> _What the exercise asks_
Could you retype the material, starting at its first line and ending with the line holding "Image of Metal", and keep the pictures out?
··· Data to examine
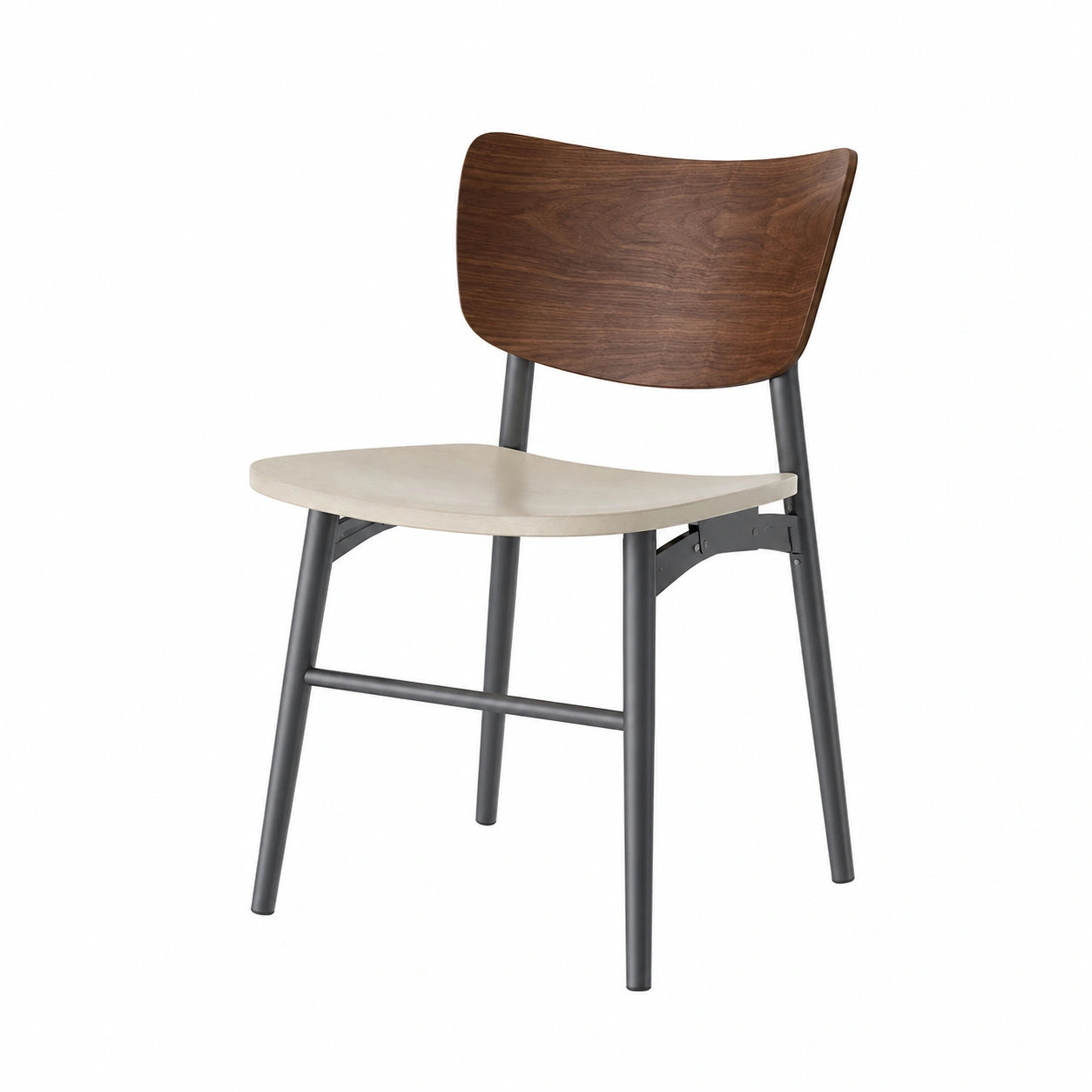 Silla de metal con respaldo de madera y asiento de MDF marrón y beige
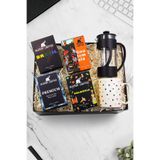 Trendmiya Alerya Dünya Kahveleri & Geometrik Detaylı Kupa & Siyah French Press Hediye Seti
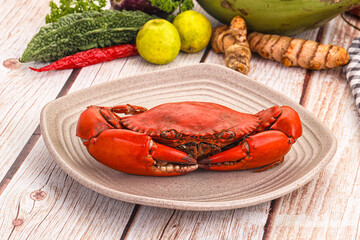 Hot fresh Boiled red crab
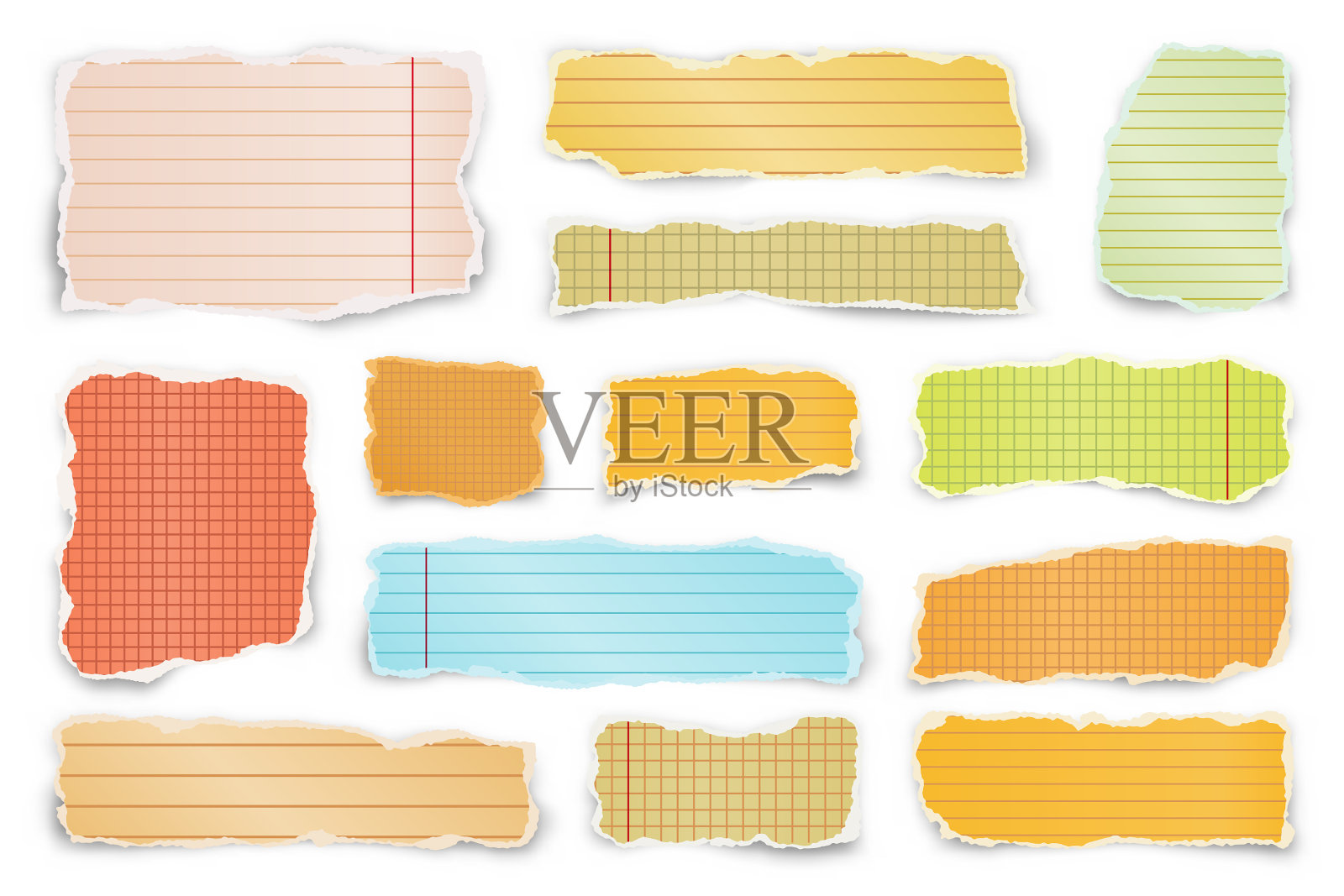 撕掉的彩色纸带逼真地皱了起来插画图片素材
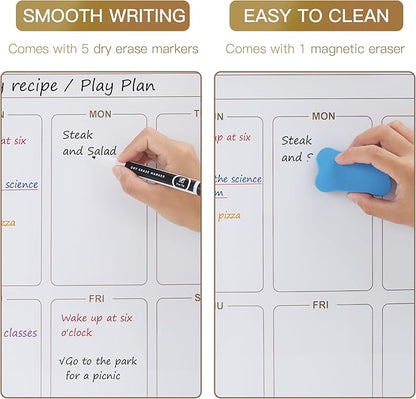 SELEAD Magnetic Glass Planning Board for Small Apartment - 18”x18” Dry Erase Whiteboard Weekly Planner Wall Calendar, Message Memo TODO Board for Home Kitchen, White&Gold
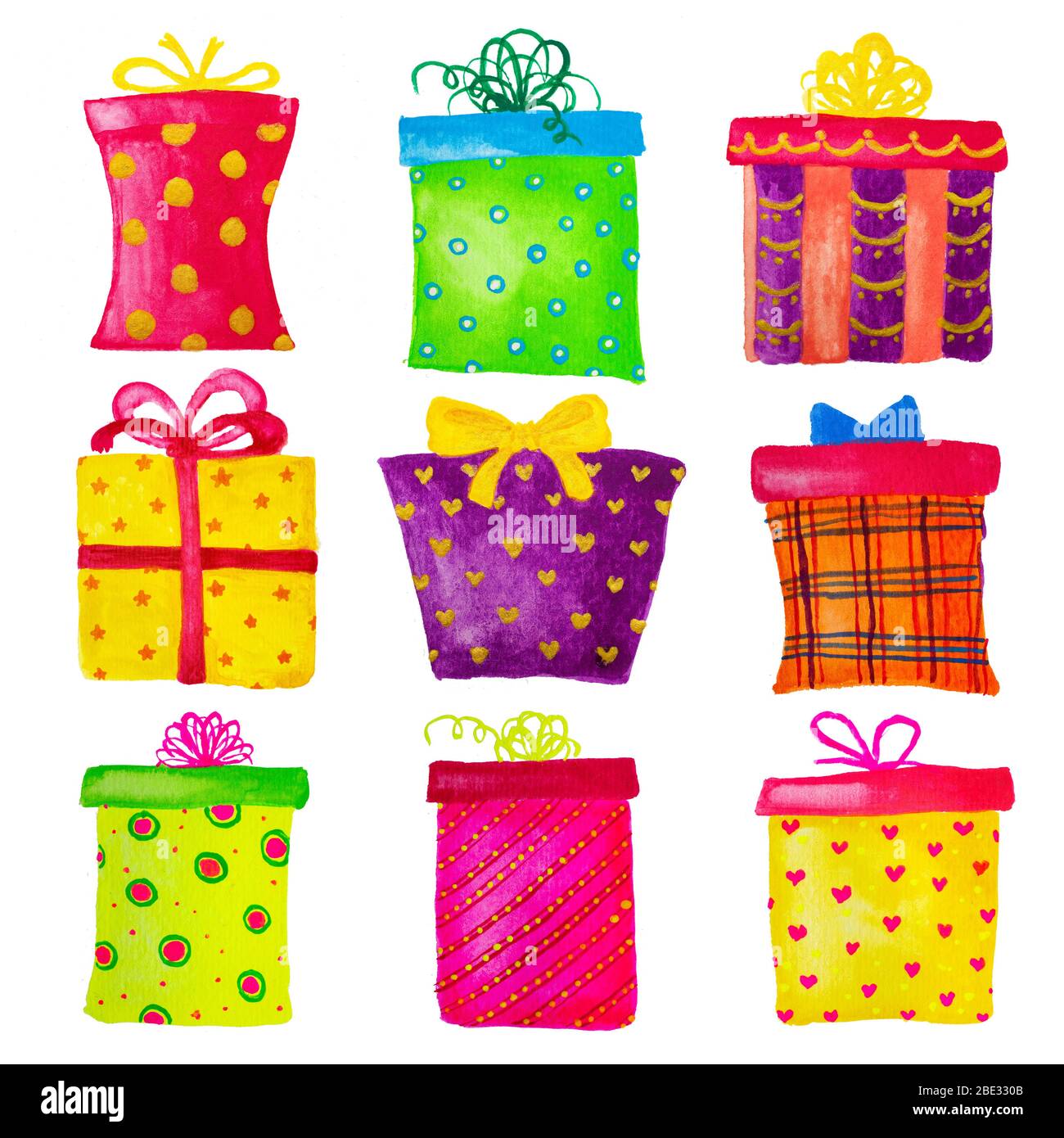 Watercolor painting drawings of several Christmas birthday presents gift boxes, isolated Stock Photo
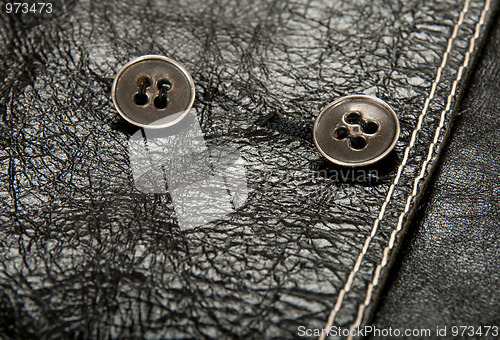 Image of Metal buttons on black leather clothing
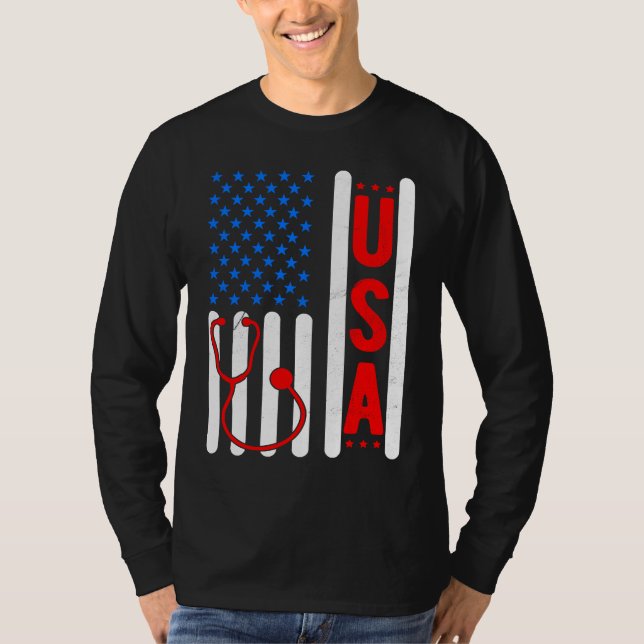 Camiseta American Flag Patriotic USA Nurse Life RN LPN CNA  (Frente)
······
> _Reply to the exercise_
 Silla de metal con respaldo de madera y asiento de MDF marrón y beige
 Trendmiya Alerya Dünya Kahveleri & Geometrik Detaylı Kupa & Siyah French Press Hediye Seti
 Hot fresh Boiled red crab
 撕掉的彩色纸带逼真地皱了起来插画图片素材
 SELEAD Magnetic Glass Planning Board for Small Apartment - 18”x18” Dry Erase Whiteboard Weekly Planner Wall Calendar, Message Memo TODO Board for Home Kitchen, White&Gold
 Watercolor painting drawings of several Christmas birthday presents gift boxes, isolated Stock Photo
 Image of Metal buttons on black leather clothing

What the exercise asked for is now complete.